(Scraped caption text data)
---*---
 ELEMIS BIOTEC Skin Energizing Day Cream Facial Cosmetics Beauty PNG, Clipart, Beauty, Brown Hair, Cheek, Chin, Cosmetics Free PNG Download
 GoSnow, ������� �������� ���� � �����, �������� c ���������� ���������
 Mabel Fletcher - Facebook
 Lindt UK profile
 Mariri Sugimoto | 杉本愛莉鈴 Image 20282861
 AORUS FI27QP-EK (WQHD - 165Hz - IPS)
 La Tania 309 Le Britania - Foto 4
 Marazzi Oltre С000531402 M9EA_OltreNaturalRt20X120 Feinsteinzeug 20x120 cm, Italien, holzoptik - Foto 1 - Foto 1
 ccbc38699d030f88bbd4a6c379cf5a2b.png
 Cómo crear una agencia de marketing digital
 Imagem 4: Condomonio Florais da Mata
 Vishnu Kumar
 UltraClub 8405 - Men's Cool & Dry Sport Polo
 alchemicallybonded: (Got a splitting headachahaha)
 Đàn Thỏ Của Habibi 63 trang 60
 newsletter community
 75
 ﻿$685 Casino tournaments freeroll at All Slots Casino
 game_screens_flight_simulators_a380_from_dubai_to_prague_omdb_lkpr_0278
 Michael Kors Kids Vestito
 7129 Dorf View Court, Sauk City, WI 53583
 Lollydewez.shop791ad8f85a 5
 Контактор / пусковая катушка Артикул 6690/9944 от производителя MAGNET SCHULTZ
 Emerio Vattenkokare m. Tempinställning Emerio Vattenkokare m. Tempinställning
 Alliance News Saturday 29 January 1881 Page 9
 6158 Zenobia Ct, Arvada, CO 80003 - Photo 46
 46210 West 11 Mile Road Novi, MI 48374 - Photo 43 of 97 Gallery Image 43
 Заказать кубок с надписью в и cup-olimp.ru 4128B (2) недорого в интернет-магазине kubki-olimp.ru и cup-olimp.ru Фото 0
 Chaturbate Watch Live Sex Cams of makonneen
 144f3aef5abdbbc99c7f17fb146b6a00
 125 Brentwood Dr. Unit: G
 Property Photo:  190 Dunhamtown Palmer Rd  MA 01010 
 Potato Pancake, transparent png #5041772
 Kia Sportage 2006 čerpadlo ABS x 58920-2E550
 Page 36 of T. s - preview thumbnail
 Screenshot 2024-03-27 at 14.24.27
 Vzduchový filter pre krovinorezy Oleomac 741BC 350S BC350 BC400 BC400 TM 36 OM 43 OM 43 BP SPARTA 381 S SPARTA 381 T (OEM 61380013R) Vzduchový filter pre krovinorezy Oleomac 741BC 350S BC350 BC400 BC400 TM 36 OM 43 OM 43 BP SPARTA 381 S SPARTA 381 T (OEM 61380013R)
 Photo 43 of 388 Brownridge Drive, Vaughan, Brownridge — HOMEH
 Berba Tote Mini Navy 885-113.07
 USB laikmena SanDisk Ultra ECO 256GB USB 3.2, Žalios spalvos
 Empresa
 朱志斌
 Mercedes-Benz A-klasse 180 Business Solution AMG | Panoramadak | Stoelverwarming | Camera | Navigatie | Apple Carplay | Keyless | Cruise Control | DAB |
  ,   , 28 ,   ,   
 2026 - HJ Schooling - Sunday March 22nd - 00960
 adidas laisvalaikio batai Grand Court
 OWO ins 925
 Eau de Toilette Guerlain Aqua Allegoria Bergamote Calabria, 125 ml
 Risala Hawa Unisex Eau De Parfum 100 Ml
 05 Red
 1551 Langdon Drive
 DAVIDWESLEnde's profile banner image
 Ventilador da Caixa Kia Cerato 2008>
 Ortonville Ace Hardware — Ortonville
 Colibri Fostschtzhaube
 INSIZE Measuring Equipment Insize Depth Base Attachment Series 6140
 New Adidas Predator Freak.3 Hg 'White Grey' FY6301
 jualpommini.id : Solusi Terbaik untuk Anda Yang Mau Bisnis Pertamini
---*---
== What this task involves ==
Pick out, from the lines above, every one that contains the string "Page".

== Worked solution ==
 Alliance News Saturday 29 January 1881 Page 9
 Page 36 of T. s - preview thumbnail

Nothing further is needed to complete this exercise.